К началу XX века две стороны перестали не только понимать, но и слышать друг друга: они говорили на разных языках, пользовались разным понятийным аппаратом, обращались к разным авторитетам.

Подчеркнем: речь идет не о полемике между образованными богословами и необразованными монахами. Если все дело было только в малообразованности афонских иноков-имяславцев, на их сторону не стали бы такие выдающиеся представители русской философской и богословской мысли, как Флоренский, Муретов, Булгаков, Эрн, Лосев. Речь идет о разных, принципиально противоположных типах богословской формации, по сути — о разных типах богословия.
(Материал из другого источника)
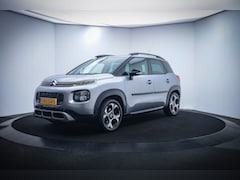 Citroën C3 Aircross - 1.2T Aut.S&S Shine NAVI/HIFI/360 CAM/CARPLAY/BLINDSPOT/LANE ASSIST/DAB/AFN TREKHAAK/PDC V+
Афонские иноки-имяславцы были богословами в том исконном смысле этого термина, который выражен в чеканной формулировке IV века: “Если ты богослов, то будешь молиться истинно, и если ты истинно молишься, то ты богослов”. Имяславцы говорили не от науки, но от опыта, и излагали то учение, которое они почерпнули не из книг, а из непосредственного общения с Богом. Сказанное не означает того, чтобы противники имяславия были вообще лишены опыта молитвы: просто под молитвой они понимали “замкнутое в себе и не выводящее к Богу состояние нашего сознания”. В позиции Синода основной упор делался на субъективное состояние молящегося, вкладывающего то или иное содержание и слова молитвы и в само священное имя Божие; имяславцы, напротив, подчеркивали объективный характер той встречи между человеком и Богом, которая происходит благодаря молитве, и того откровения о Боге, которое человек получает через призывание имени Божия.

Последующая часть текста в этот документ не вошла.